SUPPLIED DATA:
+ + + + + + +

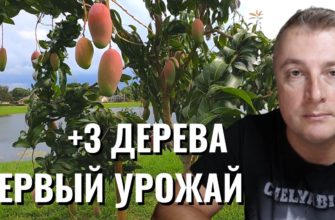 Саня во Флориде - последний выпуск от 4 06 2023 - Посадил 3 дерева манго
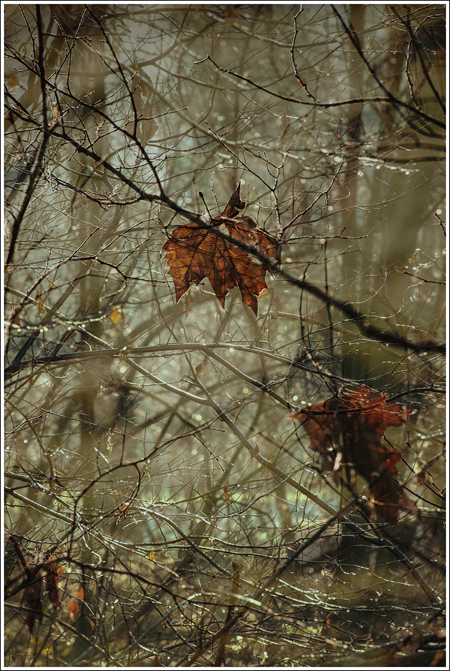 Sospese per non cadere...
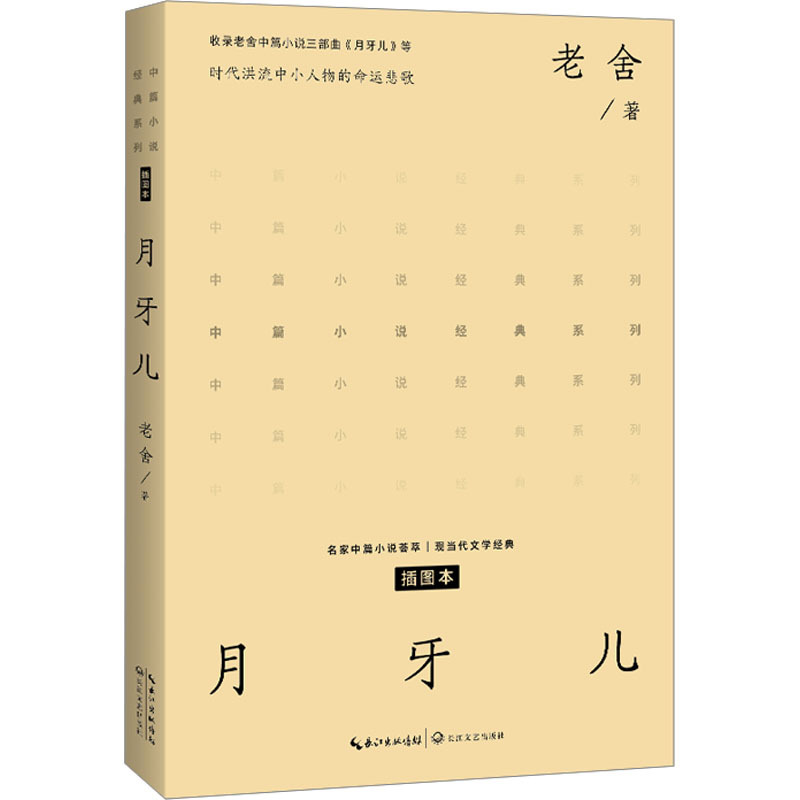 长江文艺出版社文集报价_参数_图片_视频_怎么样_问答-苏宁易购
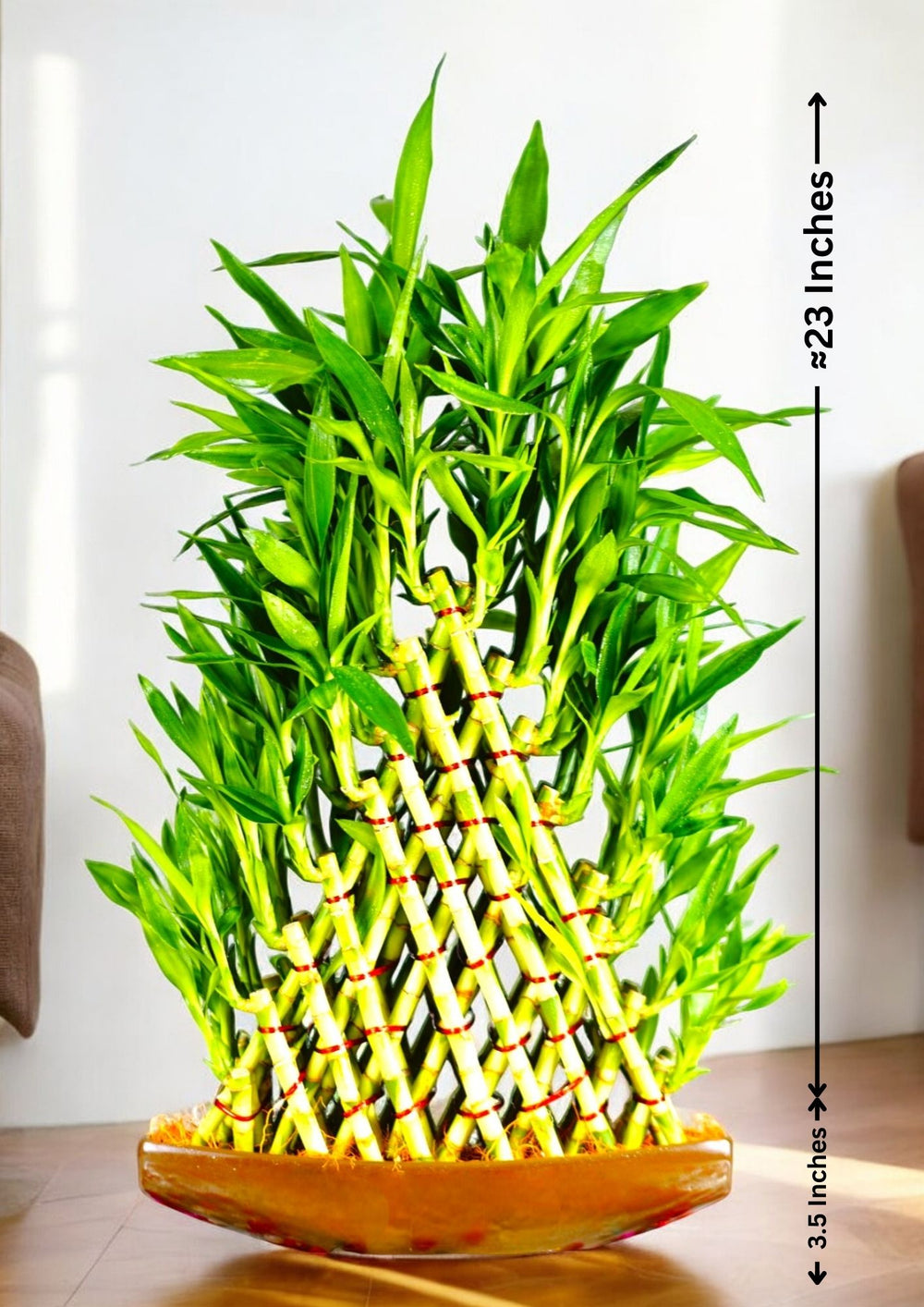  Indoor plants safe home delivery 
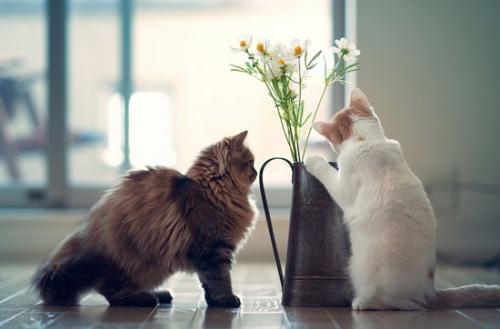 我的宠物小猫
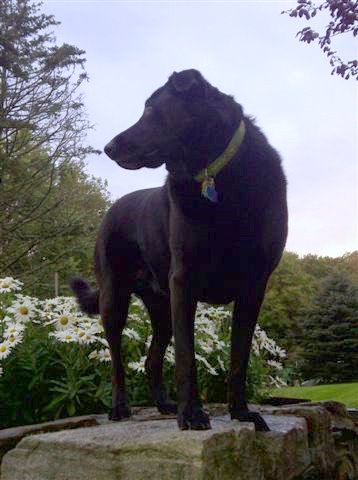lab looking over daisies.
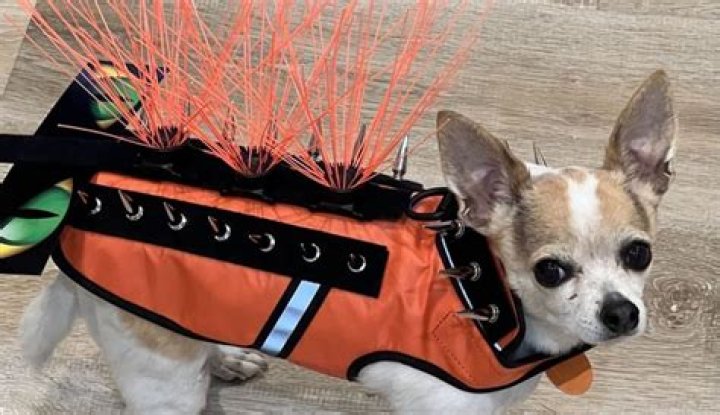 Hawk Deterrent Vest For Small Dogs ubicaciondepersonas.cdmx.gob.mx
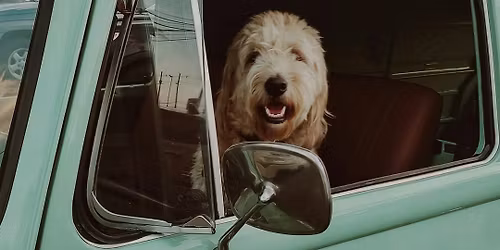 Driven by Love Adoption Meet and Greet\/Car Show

+ + + + + + +

The answer must be the lines above from the line that contains "Indoor plants safe home delivery" to the final line of the data, word for word, with no pictures.

OUTPUT:
  Indoor plants safe home delivery 
 我的宠物小猫
lab looking over daisies.
 Hawk Deterrent Vest For Small Dogs ubicaciondepersonas.cdmx.gob.mx
 Driven by Love Adoption Meet and Greet\/Car Show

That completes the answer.